Hacker culture and cracker culture go hand in hand, and it has been that way since the very beginning of it all. Hacker culture primarily evolved from phreaking culture, which was reverse engineering and security bypassing...cracking, essentially. And for personal gain, no less. Nearly all of the famous hackers have histories of legally questionable actions.

And it should be that way. If you want any chance of knowing how to build good things, you need to know how to break them. That's as true for a bridge engineer as it is for Woz.

Personally, I find the attempt to distinguish between hacker and cracker to be some sort of no-true-scotsman retcon. I've always viewed the whole concept of hacker culture to be amoral...and the attempt to distinguish between "good" or "bad" hackers has just watered down the term.

I most often hear "hacks" and "hacky code" to refer to unmaintainable shortcuts and/or "clever" tricks, these days.

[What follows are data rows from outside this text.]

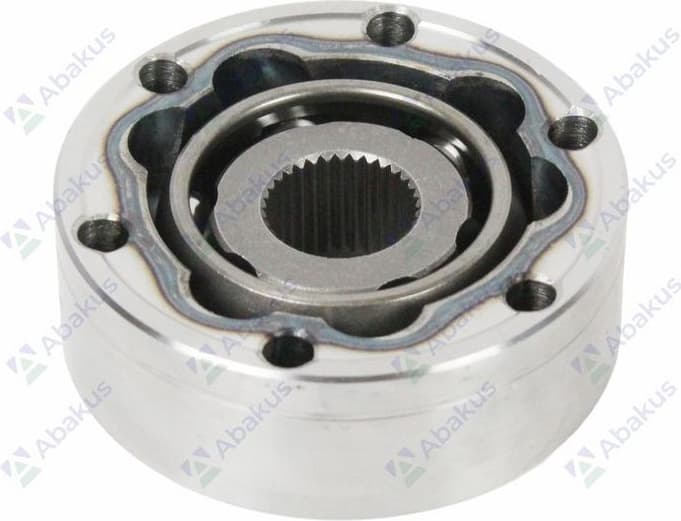 Joint Kit, drive shaft 141-04-007 - image 2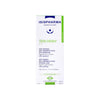 Isis Teen Derm A.Z Ultra Soothing 30ml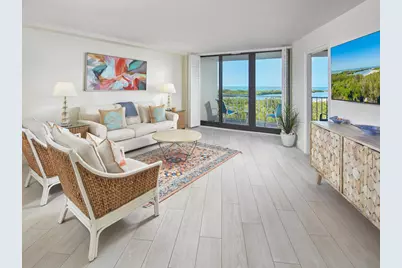 440 Seaview Court #601, Marco Island, FL 34145 - Photo 5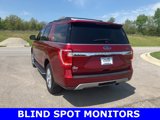 Used 2019 Ford Expedition XLT w/ Equipment Group 202A image 5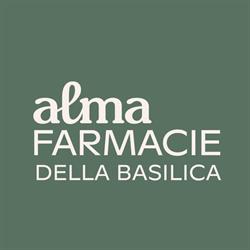 Farmacia della Basilica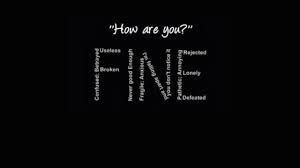 Maybe you would like to learn more about one of these? Quotes About Lost Myself 114 Quotes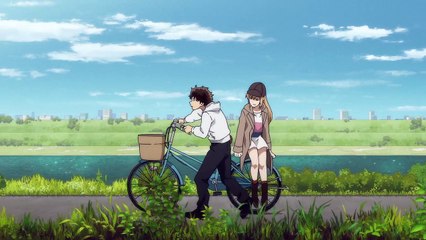 Aoashi S01E10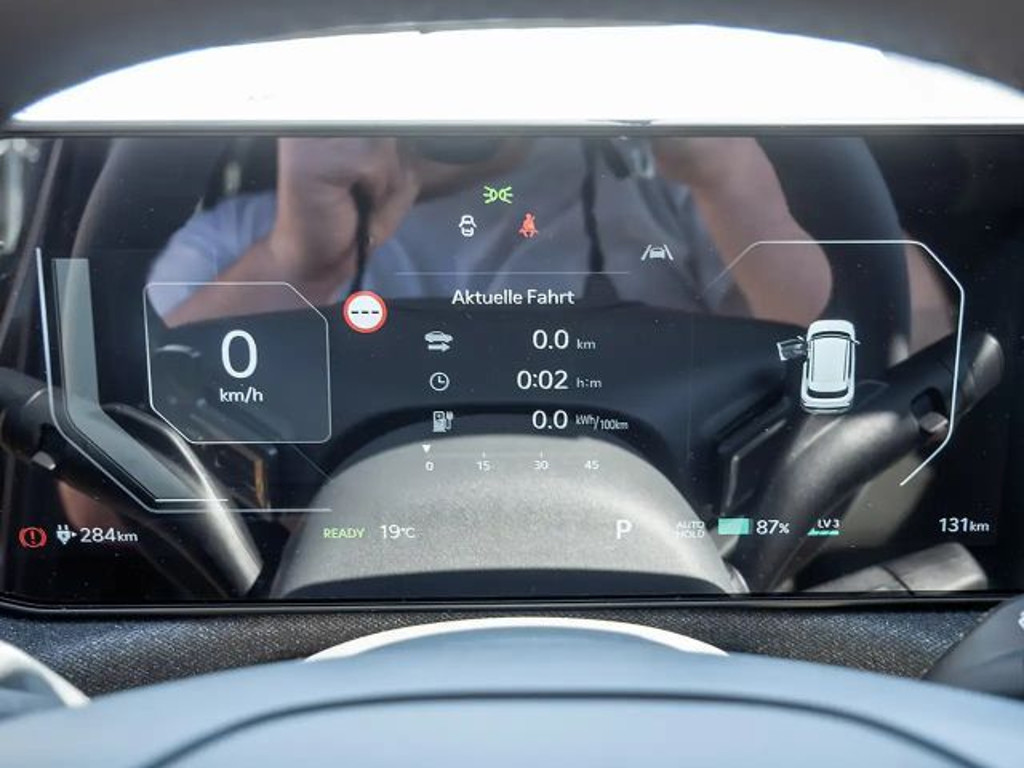 Kia EV2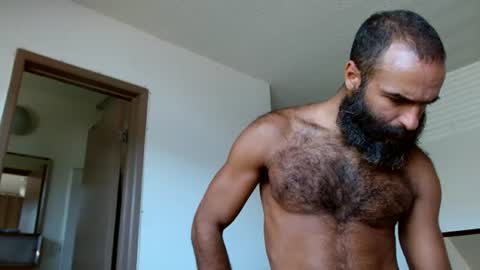 Snapshot of woof_wolf37 chatting on 4, 8, 2026 woof_wolf37 online show from 4, 8, 2026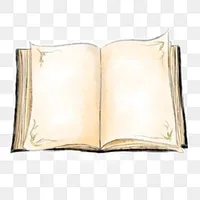 The Book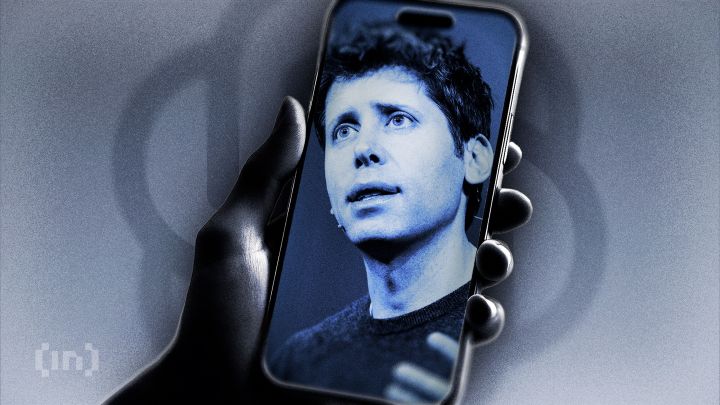 OpenAI Halka Arz İçin Başvurdu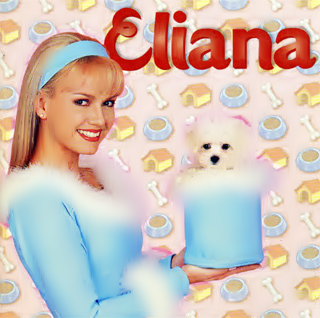 Ficheiro:Eliana (1998).png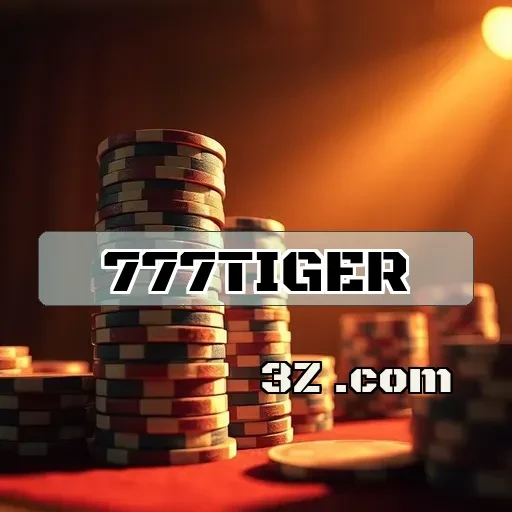 Segurança Primordial: Proteção no 777tiger App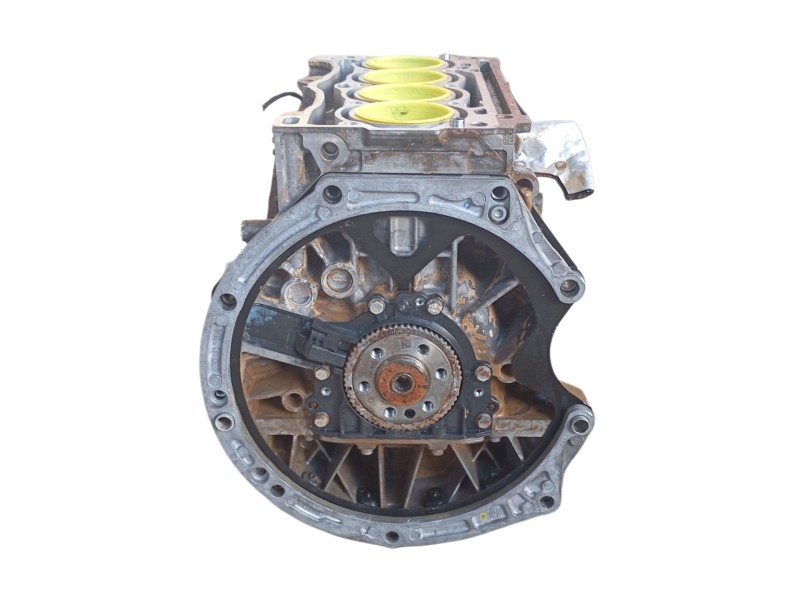 Recambio de bloque para cupra formentor (km7, kmp) 1.5 tsi referencia OEM IAM  DPCR3706Z 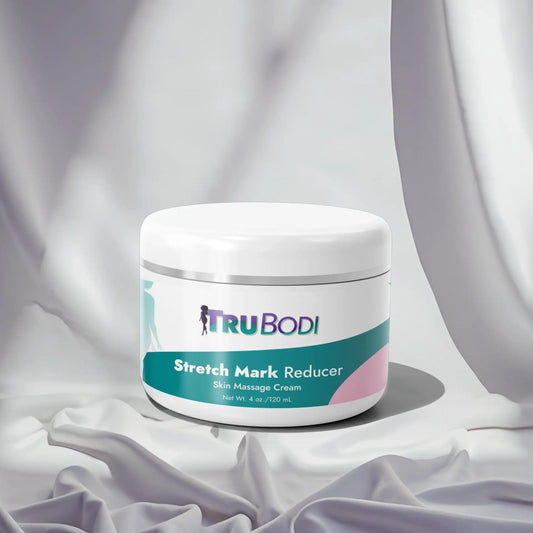 Stretch-Mark Remover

So in that sense a "hacker" would not be something I would want to be called or call a coworker considering the modern usage.
For those reasons, I personally would not object if YC decided to change the name of Hacker News to something else. The current name seems misleading, at least to me.
That would be a shame really.
Yes, the whole idea sounds like a progressive attack by the word police looking for another target to cancel. A not so long time ago there were these thick stacks of paper bound in twine, glue and leather called dictionaries that contained words and their understood meanings and it made it far more difficult to change a words meaning, it seems as with everything in this modern world the time for a meaning to be changed has accelerated to the point that ridiculous definitions can be twisted and imposed upon any word now.

Personally I prefer the darker meaning of hacker than the 2000s "G rated" version of hacker but that's probably because of my age.

So

To all the hackers, crackers and phreaks still out there...all your bases are belong to us, we are legion, we do not forget, expect us.

What's particularly funny here is that the "has fun making computers do things" definition of hacker predates the "breaking into things" definition. What you're referring to was called a "cracker"until the 90s.
Exactly right.
You know if I were you, I would take the labeling and blaming out of this, and just recognize that there is a sort of attack going on.

Many of us you came up during a far less authoritarian, and somewhat simpler time, definitely feel it.

And I think that is a discussion worth having, but I don't think it's one that we should further politicize.

I think hackers call themselves hackers. Linus describes himself as a hacker unless he’s talking to the press. In which case he uses the term programmer as they do not understand the term and it only leads to confusion.

Interesting couple of articles from The Register

[1] https://www.theregister.com/2021/03/03/debate_hackers_for/

[2] https://www.theregister.com/2021/03/09/debate_hacker_result/

Hackers are those recognized by other hackers as hackers. It's like the tech equivalent of an artist. Describing yourself as one usually sounds pretentious, unless it's clear other hackers/artists recognize you as such.
Yes and of course their peers who are hackers. But certainly not other IT staff they may work with unless they’re very lucky IMHO
Ah, exactly same experience.

I clearly remember some of my friends stating "I don't want to be 30 an still be playing videogames"... As if it was a bad thing.

I thought it was weird at the time to make such statement.

Maybe they meant it like "don't want to ONLY be playing video games" as in they'd be fine with video games in moderation as long as they had a social life, career, money for vacation and travel, a good hobby, family...etc.
No, at the time it was definitely zero videogames intended. We were like 13 at having a partner and playing videogames were more or less mutually exclusive in our teenager's brain
Being called a nerd is not desirable aa such, even now. The salaries though? Of course.
I disagree. I'm happy to be called a nerd. Sometimes I use the word ironically as a pejorative, but that's usually to make fun of the ghost of an old trend.